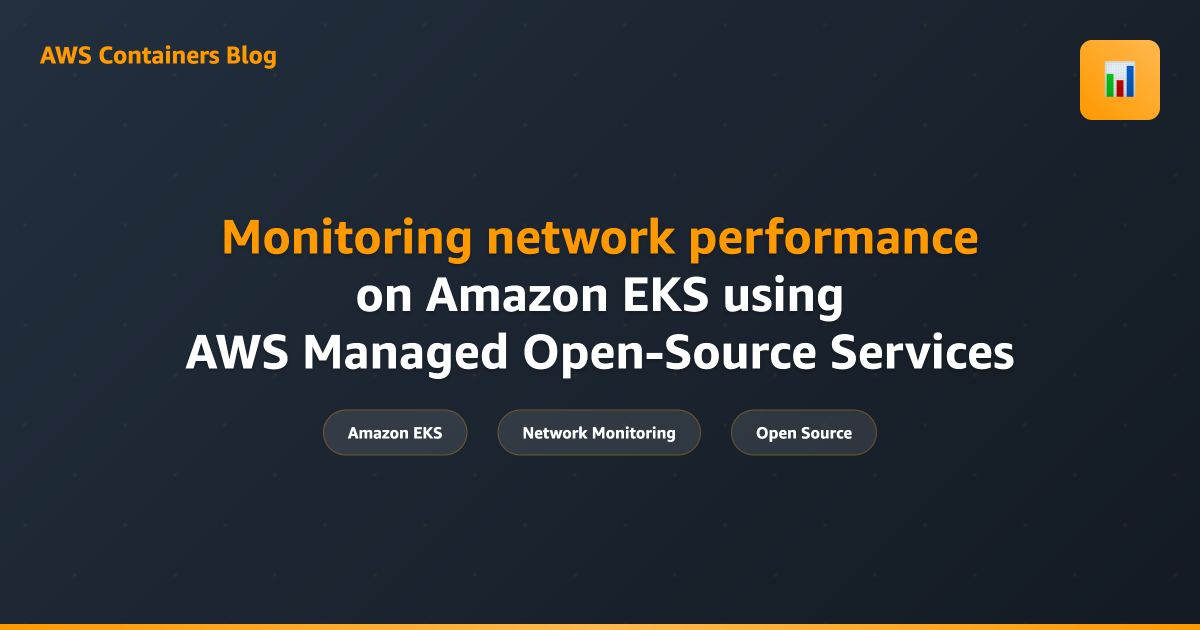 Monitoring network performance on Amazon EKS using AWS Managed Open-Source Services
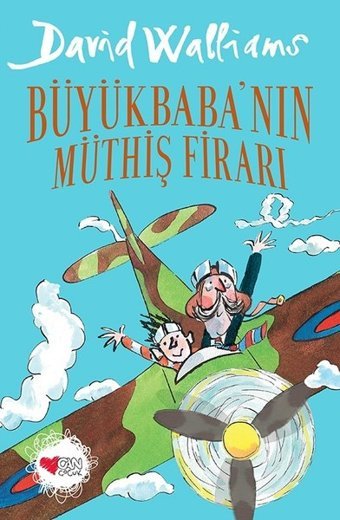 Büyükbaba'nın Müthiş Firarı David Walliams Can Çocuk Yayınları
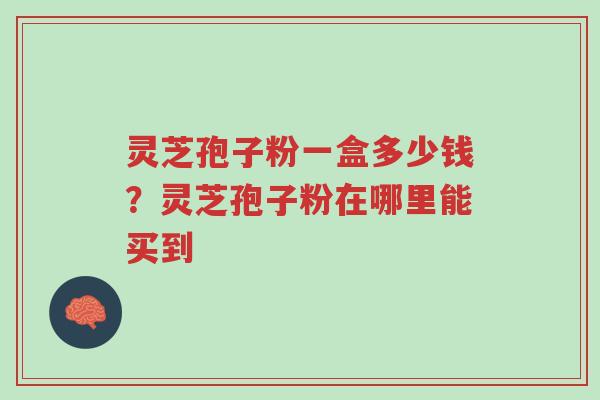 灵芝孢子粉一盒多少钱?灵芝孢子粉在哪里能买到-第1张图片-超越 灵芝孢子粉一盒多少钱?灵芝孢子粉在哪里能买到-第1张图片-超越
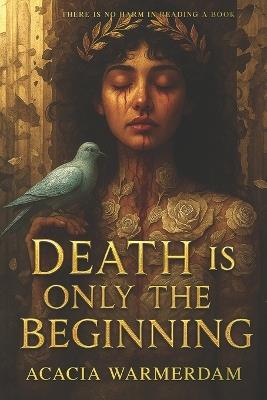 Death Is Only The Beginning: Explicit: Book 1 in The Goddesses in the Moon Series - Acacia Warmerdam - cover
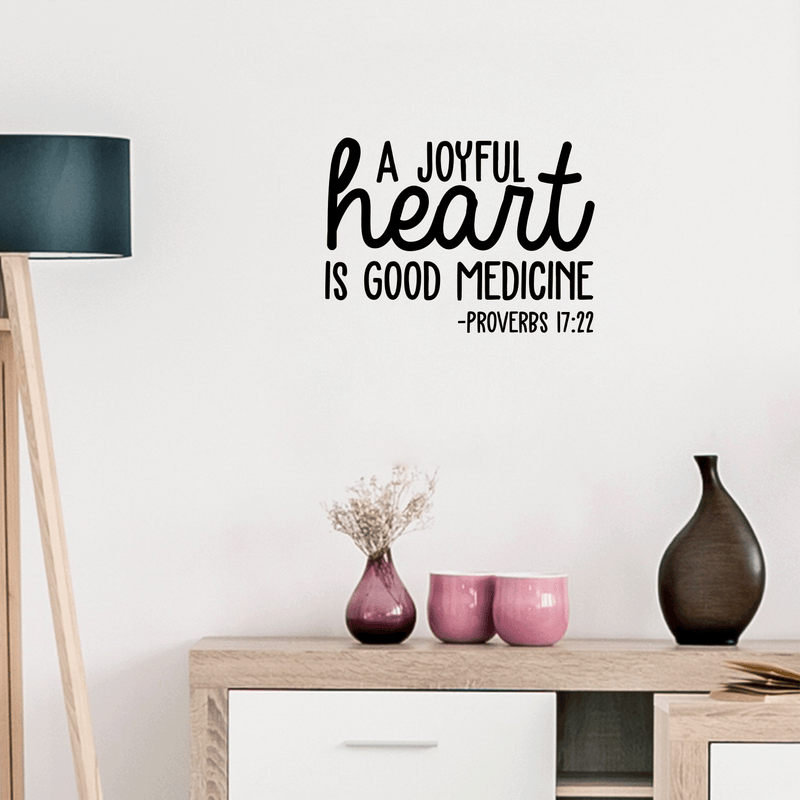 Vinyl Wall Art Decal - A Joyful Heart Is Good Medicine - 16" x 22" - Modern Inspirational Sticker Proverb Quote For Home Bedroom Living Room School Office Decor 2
---
> **Task to complete**
Go through the records above and write out every line exactly, passing over the pictures.

> **The answer**
 Monitoring network performance on Amazon EKS using AWS Managed Open-Source Services
 Büyükbaba'nın Müthiş Firarı David Walliams Can Çocuk Yayınları
 灵芝孢子粉一盒多少钱?灵芝孢子粉在哪里能买到-第1张图片-超越 灵芝孢子粉一盒多少钱?灵芝孢子粉在哪里能买到-第1张图片-超越
 Death Is Only The Beginning: Explicit: Book 1 in The Goddesses in the Moon Series - Acacia Warmerdam - cover
 Vinyl Wall Art Decal - A Joyful Heart Is Good Medicine - 16" x 22" - Modern Inspirational Sticker Proverb Quote For Home Bedroom Living Room School Office Decor 2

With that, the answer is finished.